You should always seek a professional healthcare provider if you are unsure of your pain for assessment and management.
You may have been diagnosed with one or more of these however they may not tell the whole story about your pain. Often the pain is from something else. The findings on your scans may be incidental.
If you have shoulder or upper limb pain for more than 7 days which is not getting better and there are other symptoms you should seek a healthcare practitioner immediately.
The shoulder is made up of the blade (scapula), collar bone (clavicle) & the ball and socket (glenohumeral) joint. In its nature the shoulder is very flexible and requires control, balance and strength in many directions.
It is a complicated and elegant collection of joints. There are literally many moving parts and is complex. The good news is that shoulder pain responds very well to physiotherapy.
The elbow, wrists and hands work in unison and help us manipulate objects in space. The joints are many and the conditions are also. The following list are just some of the common presentations of conditions/injuries that Physiotherapy can help with.
An umbrella term for pain that is coming from irritation/damage to tendon, muscle, bursa (cushion) or approximation (increasing contact) of the joints in the shoulder.
The rotator cuff muscles comprise of 4 groups of muscles. The subscapularis, supraspinatus, infraspinatus and teres minor muscles. All of these muscle start from around the shoulder blade and then turn into tendon to blend into the capsule (sleeve) around the glenohumeral joint (ball and socket) to create control around the ball and socket joint. There is also a bursa which is a lubricated cushion to allow the tendons glide more freely.
The shoulder muscles are like an orchestra where the rotator cuff muscles work in concert with the big moving muscles around the shoulder. Different parts have to work more depending on the movement.
The area under the collarbone is called the acromion. It is the roof above the shoulder tendons and the bursa. These can be irritated by approximation/compression of the ball of the shoulder into the roof.
It is not fully understood why the ball and socket joint stiffens significantly. We know that this affects people who are female and in their 50's to 70's.
This loss of movement can lead to a loss of function and will affect the activities of daily living. It can be a very painful and disruptive condition. Commonly people find it difficult to wash their face, brush their hair, pull on a t-shirt, tuck their shirt in etc. Some experience night pains and find it difficult to sleep. If you are getting shoulder pain at night and have difficultly sleeping you should be assessed by a health professional urgently.
Often there are unhelpful adaptations of your movement which can overload other parts of your upper limb that will cause secondary pains. Each person may present with different symptoms, it may be neck or wrist pains due to the limitations of your shoulder joint.
In some cases surgery is done to help with the range of movement. Whether the rehabilitation is conservative or surgical Physiotherapy can help with managing the pain and loss of function.
See Bursa in RCRSP. This lubricated cushion can be irritated through trauma and what it is thought to be repetitive strain though repeated overhead movements. A contributing factor is thought to be the shape of the roof (acromion)

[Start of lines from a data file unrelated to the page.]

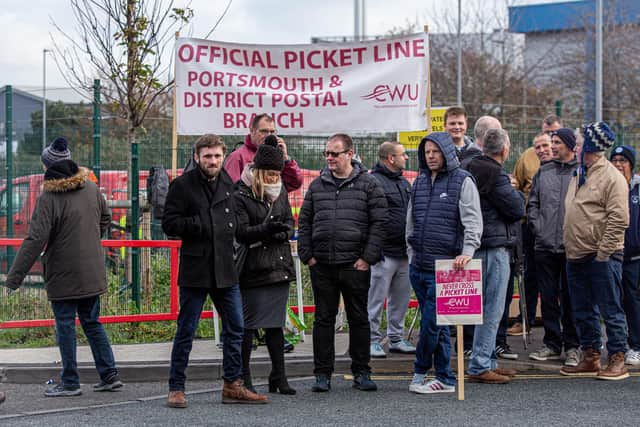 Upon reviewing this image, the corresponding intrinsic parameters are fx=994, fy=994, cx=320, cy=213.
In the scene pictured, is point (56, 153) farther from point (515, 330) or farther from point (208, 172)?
point (515, 330)

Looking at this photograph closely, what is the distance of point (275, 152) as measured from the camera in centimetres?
800

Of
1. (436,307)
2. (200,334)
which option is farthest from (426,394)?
(200,334)

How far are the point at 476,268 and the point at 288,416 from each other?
6.32ft

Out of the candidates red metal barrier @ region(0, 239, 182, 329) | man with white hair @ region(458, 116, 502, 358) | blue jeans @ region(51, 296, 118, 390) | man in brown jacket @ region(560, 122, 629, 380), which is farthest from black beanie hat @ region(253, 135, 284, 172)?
red metal barrier @ region(0, 239, 182, 329)

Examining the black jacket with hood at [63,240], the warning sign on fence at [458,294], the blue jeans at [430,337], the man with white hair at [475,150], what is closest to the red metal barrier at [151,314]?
the black jacket with hood at [63,240]

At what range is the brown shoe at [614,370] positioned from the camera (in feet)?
28.6

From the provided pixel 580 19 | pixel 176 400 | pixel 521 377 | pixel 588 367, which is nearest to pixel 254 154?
pixel 176 400

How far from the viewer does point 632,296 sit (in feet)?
31.0

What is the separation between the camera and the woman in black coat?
7980 mm

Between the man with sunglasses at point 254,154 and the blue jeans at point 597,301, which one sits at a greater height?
the man with sunglasses at point 254,154

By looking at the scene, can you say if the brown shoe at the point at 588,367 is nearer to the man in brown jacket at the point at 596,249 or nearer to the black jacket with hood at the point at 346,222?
the man in brown jacket at the point at 596,249

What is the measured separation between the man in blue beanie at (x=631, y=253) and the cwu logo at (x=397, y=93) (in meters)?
2.52

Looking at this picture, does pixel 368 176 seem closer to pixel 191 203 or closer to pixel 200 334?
pixel 191 203

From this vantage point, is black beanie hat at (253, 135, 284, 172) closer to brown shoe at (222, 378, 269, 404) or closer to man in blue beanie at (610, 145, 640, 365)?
brown shoe at (222, 378, 269, 404) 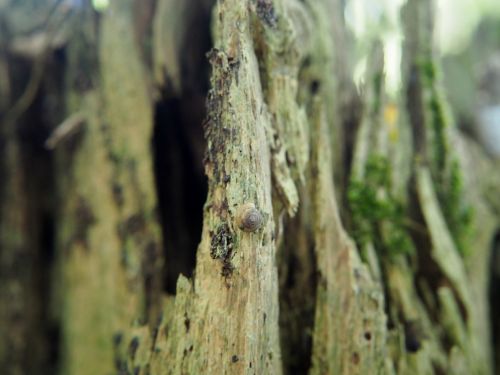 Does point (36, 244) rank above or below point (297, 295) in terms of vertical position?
above

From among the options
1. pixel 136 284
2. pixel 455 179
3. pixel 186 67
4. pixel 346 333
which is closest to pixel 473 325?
pixel 455 179

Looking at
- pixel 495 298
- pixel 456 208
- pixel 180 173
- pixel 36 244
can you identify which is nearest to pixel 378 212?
pixel 456 208

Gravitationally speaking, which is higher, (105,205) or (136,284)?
(105,205)

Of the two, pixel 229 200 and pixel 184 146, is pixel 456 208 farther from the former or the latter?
pixel 229 200

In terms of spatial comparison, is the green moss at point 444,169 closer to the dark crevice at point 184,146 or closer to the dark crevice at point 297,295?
the dark crevice at point 297,295

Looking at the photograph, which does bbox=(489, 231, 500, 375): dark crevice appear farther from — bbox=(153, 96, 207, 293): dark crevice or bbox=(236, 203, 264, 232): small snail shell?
bbox=(236, 203, 264, 232): small snail shell

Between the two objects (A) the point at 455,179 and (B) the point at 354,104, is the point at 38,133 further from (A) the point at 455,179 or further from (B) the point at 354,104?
(A) the point at 455,179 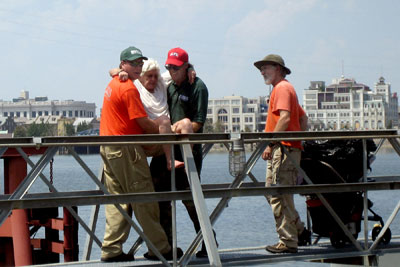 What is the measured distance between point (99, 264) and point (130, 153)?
1059 millimetres

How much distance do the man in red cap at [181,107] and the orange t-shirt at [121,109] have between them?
0.52 m

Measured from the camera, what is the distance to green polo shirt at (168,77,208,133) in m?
7.75

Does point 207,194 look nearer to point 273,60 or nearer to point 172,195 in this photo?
point 172,195

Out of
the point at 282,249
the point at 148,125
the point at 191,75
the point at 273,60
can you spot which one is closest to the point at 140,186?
the point at 148,125

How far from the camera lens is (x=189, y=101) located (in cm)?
780

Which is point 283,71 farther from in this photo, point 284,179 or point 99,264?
point 99,264

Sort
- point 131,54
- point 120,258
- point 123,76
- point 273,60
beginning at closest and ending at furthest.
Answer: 1. point 123,76
2. point 131,54
3. point 120,258
4. point 273,60

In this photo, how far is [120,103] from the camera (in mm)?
7328

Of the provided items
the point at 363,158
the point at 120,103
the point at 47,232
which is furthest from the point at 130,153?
the point at 47,232

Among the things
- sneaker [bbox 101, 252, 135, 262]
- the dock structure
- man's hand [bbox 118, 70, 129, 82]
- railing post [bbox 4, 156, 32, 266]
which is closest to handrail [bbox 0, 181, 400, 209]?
the dock structure

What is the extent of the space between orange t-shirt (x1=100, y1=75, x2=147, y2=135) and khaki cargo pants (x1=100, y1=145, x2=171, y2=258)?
18 cm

The most common type of dislocation/subluxation is at the front front of the ball and socket (glenohumeral) joint. Rarely is the tissue at the back (posterior capsule) injured. Following is the mechanism of the most common dislocation.
The tissue at the front that is stressed is called the anterior capsule. This gives stability of the joint when the arm is drawn back with overhead movements. The tissues can normally handle the stretch to allow the movement. In some cases where there is trauma the anterior capsule becomes looser and can possibly lead to re-dislocation.
The male population under 25 years old are more prone to these injuries than other demographics. Their risk of re-dislocation is higher than other demographics.
A pop or feeling that the shoulder is out of place is often described when the shoulder is dislocated. There are conservative and surgical options of managing a dislocated shoulder that would be discussed with your orthopaedic consultant.
If the anterior capsule is more loose there are ways to control and strengthen the shoulder. Post operatively or post injury you would require physiotherapy to rehabilitate step by step to return to your chosen sport.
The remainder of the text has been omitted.